August 19, 2009

WoW Patch 3.2.2 and the Great FoK Nerf

If you haven't read the WoW Patch 3.2.2 notes yet, go and check out! Rogues actually received a few changes this time (a deviation from the norm), and all 3 are nerfs across the board. One is a fairly innocuous change to Honor Among Thieves, which has actually be functioning incorrectly for the past few months. The other two are sweeping nerfs to Fan of Knives: directly by reducing the damage done by 30%, and indirectly by removing the Interruption effect from Throwing Specialization.

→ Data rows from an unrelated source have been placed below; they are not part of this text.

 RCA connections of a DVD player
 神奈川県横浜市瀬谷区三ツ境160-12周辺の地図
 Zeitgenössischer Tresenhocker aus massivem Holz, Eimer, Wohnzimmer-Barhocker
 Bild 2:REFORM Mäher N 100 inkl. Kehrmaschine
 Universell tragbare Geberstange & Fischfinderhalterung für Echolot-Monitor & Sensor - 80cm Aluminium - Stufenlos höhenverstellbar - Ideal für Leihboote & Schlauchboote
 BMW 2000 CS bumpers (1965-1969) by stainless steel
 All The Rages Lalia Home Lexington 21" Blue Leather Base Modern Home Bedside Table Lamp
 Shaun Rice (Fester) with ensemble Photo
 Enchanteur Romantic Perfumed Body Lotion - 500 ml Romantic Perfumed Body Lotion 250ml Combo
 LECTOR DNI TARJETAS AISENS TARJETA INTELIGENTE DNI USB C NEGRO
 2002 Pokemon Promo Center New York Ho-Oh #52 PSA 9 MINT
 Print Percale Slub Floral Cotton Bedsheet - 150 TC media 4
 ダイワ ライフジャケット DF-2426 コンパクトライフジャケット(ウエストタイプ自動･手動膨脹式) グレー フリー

While I am sure we will be feeling the loss on trash pulls in late-night Ulduar runs, the fact is that there's no trash in Trial of the Crusader anyway. Rogues do bring some pretty potent AoE to the table, but I believe that as long as our single target DPS remains intact, we'll still find ourselves with dedicated raid slots. The loss of FoK interruptions will really only be a hit on fights like Yogg-Saron hard mode, and other niche cases. Ghostcrawler even acknowledged the nerf, admitting that if a fight became too hard without Throwing Specialization and Fan of Knives' intricate synergy, they'd nerf it to accommodate.

AoE DPS is a perk, not a feature. I have felt like our AoE DPS has been insanely good, especially when used properly (two instant-damage poisons, two slow weapons). I'm honestly not surprised to see it being curtailed a little bit. We're still going to be potent when using FoK, but we'll have to wait until it's a true AoE situation, with 3-4 mobs that need to be taken out. Right now, FoK is so strong that there's not much pushing it all the time. After the patch, we'll have to actually make the decision of whether the AoE is worth using FoK, or whether or not to just continue single-target DPS.

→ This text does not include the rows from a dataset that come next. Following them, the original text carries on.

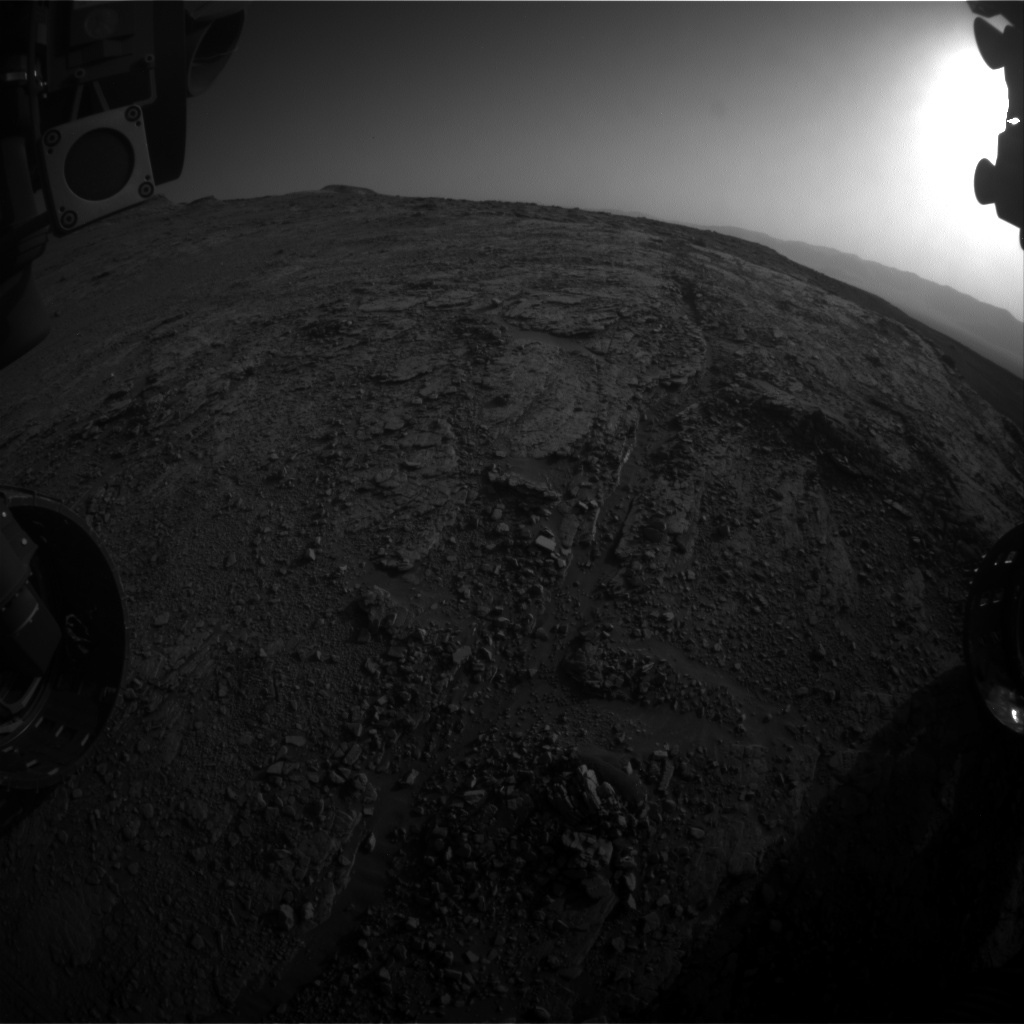 Nasa's Mars rover Curiosity acquired this image using its Front Hazard Avoidance Camera (Front Hazcam) on Sol 2492, at drive 3002, site number 76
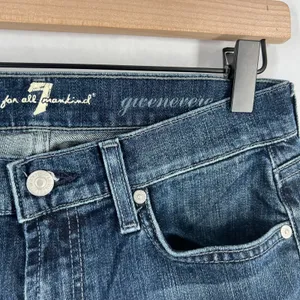 7 For All‎ Mankind Gwenevere Skinny Jeans Womens 27 Blue Denim Stretch Mid Rise thumbnail 4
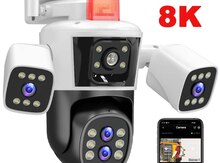 WiFi PTZ360° çöl 3 kamera 8MP/4K 64GB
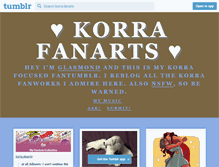 Tablet Screenshot of korra-fanarts.tumblr.com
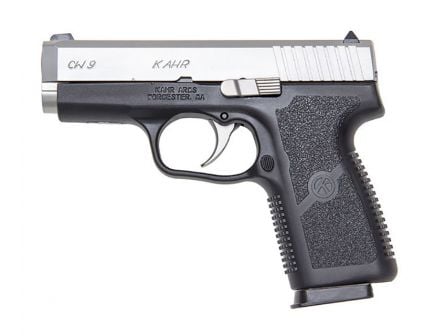 Kahr Arms CW9 9mm Pistol with Matte Stainless Slide, CA Compliant - CW9093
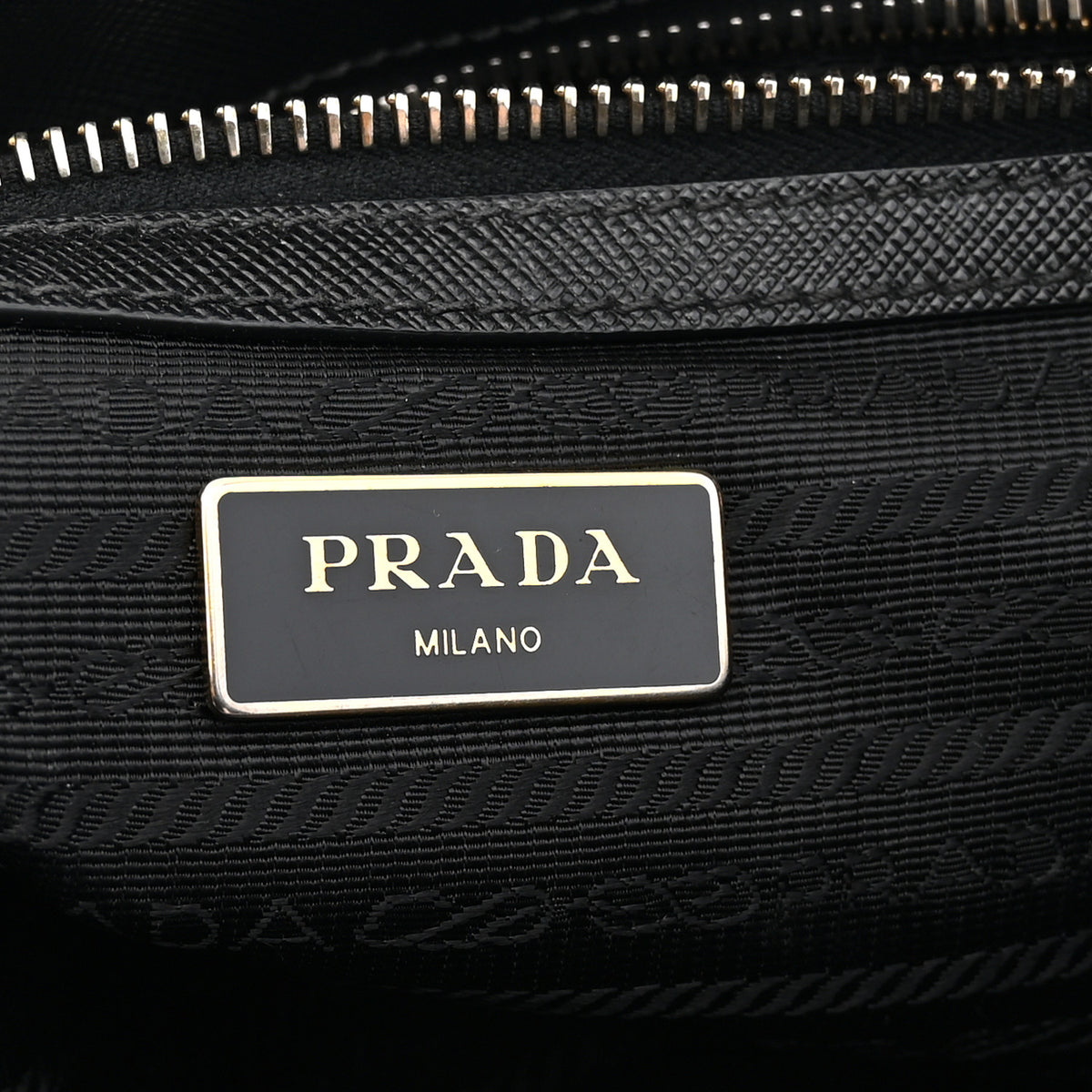 Prada Saffiano Small Galleria Double Zip Tote Black 6 of 14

I've been talking about the dominance (and sillyness) of the 'FoK spec', in which a Rogue specs into Throwing Specialization and rules the 5v5 arena by spamming FoK at every available opportunity. Between the FoK interrupts and the illegal interruption macro floating around, Rogues had become pretty powerful at locking down casters completely. The removal of Throwing Spec's interruption was necessary, though I will be sad to see it go. It was really a great ability that gave us a really unique niche in the PvE world, but I can agree there's no way to balance it in PvP.

The HaT change, on the other hand, was simply an adjustment to force the spell to work as intended. Limiting it to a single Combo Point per second makes its DPS far more reliable and easier to model, and as our party members' crit rate skyrockets with better and better gear, HaT is now incapable of exploding into new DPS territory overnight. It's a nerf to Subtlety PvE, though Blizzard has already expressed that they have no immediate interest in making Subtlety viable. As long as Mutilate and Combat both remain viable, I don't think that Sub is going to see any sweeping changes.

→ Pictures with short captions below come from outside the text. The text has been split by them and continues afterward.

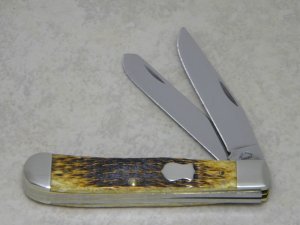 Case Bros. Cutlery Co. USA 2005 Antique Bone 6254 SS Trapper Knife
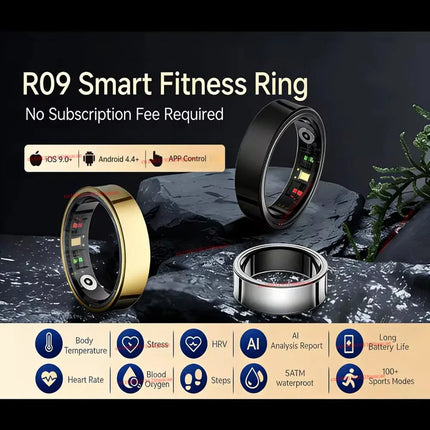 Smart Ring Premium Temperature Remote Control Sports Sleep Health Fitness Fasion Ring for Android iOS Phone for Woman Man Rings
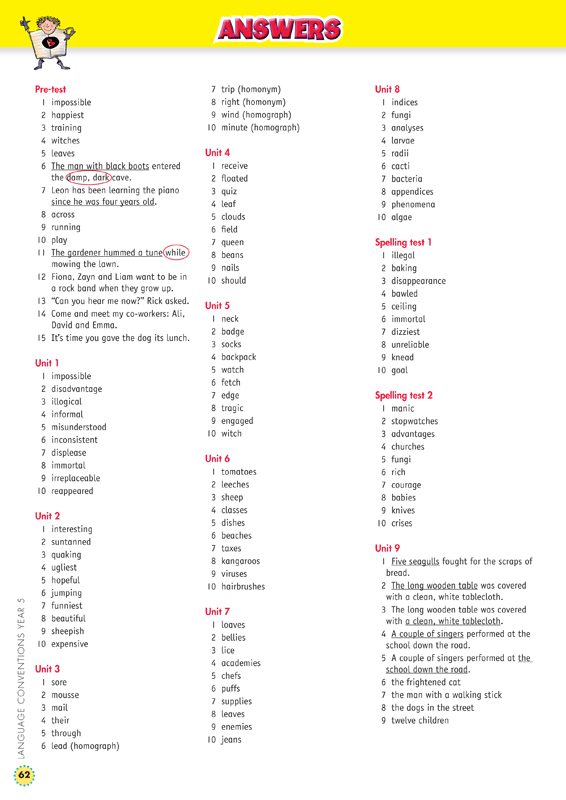 Sample interior page from the Blake's Back to Basics Year 5 NAPLAN-style Language Conventions workbook as shown in the publisher gallery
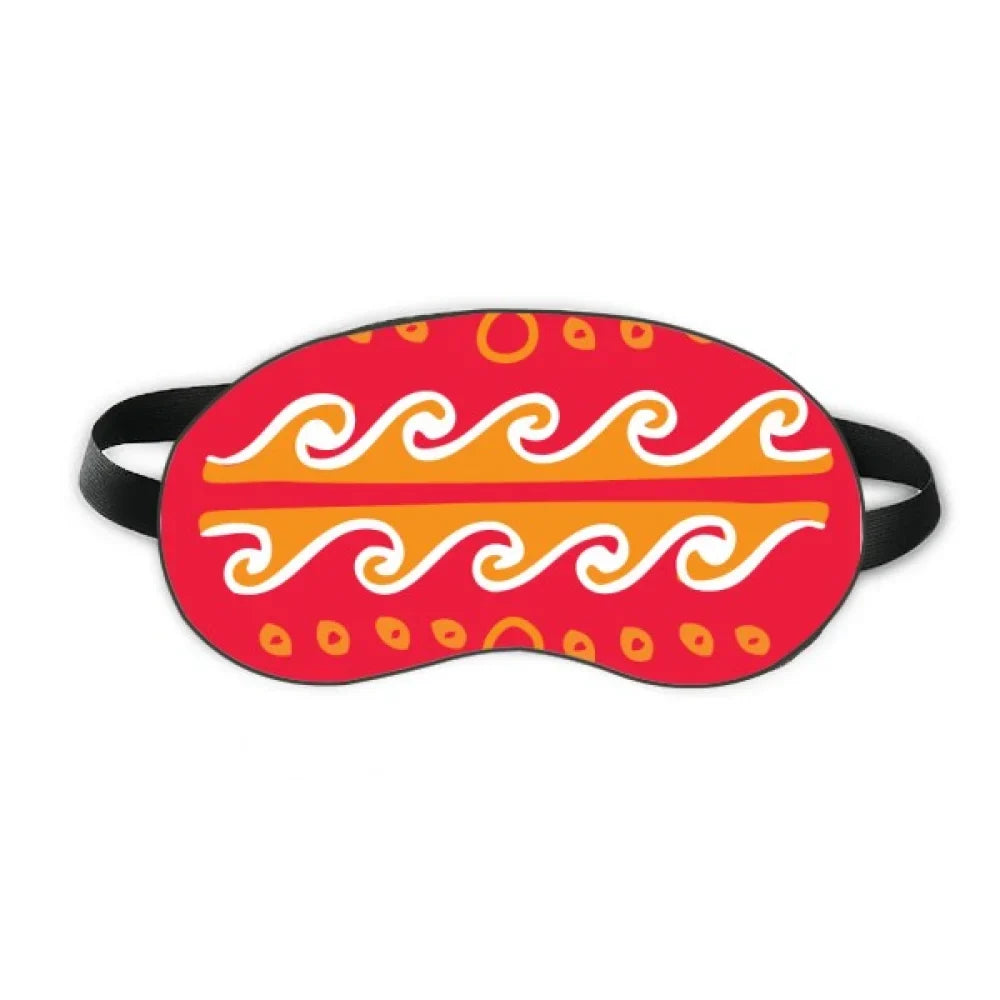 Fire Wave Mexico Totems Ancient Civilization Sleep Eye Shield Soft Night Blindfold Shade wrap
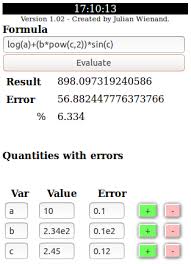 error propagation calculator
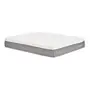 COLCHÃO KING VISCO LÁTEX COM MOLAS ENSACADAS 1,93 M X 2,03 M X 30 CM TATOU GULDI - CINZA/BRANCO - Foto 1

Ghostcrawler recently talked about Mages having two viable PvE specs after wow patch 3.2.2: fire and arcane. He mentions that frost is not going to be revamped any time soon. I look at this as writing on the wall, Rogues have two viable PvE specs (and pretty different ones at that), and so asking for a third is really reaching for the stars. I will be attending BlizzCon (and I'll be at the reader meetup) and I'll be sure to ask GC and the crew what their plans for Rogues are in the future.

All-in-all, I am okay with the changes we're seeing in wow patch 3.2.2. If I really, really want my trash DPS to scream, I have the option of swapping in the Fan of Knives glyph real quick. And if I really, really wanted to play Subtlety PvE, I'd have to accept that I was making poor PvE talent choices. Our bread and butter role, single target DPS, was completely untouched. We can let the Mages and Warlocks take care of Arthas' waves and waves of undead drones. We've got a higher calling, to stab our daggers and smash our maces so far into the Lich King's face that he cries for his mommy.